>>>

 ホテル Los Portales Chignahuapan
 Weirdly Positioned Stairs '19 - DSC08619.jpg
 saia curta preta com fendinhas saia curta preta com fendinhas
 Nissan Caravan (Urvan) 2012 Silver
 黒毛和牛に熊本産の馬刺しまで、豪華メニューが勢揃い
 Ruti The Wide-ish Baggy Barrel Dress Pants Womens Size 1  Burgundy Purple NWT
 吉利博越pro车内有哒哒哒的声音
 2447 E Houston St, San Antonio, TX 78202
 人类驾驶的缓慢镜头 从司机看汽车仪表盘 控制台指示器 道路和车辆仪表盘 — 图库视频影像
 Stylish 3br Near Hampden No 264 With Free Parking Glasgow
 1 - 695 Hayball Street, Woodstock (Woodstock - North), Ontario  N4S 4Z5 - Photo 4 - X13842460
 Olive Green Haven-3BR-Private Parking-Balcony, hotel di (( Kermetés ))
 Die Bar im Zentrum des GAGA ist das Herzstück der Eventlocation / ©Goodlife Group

<<<

» About this task: Would you quote everything above from the line containing "黒毛和牛に熊本産の馬刺しまで、豪華メニューが勢揃い" down to the line containing "Stylish 3br Near"? Include both of those lines and nothing else.

» Expected answer:
 黒毛和牛に熊本産の馬刺しまで、豪華メニューが勢揃い
 Ruti The Wide-ish Baggy Barrel Dress Pants Womens Size 1  Burgundy Purple NWT
 吉利博越pro车内有哒哒哒的声音
 2447 E Houston St, San Antonio, TX 78202
 人类驾驶的缓慢镜头 从司机看汽车仪表盘 控制台指示器 道路和车辆仪表盘 — 图库视频影像
 Stylish 3br Near Hampden No 264 With Free Parking Glasgow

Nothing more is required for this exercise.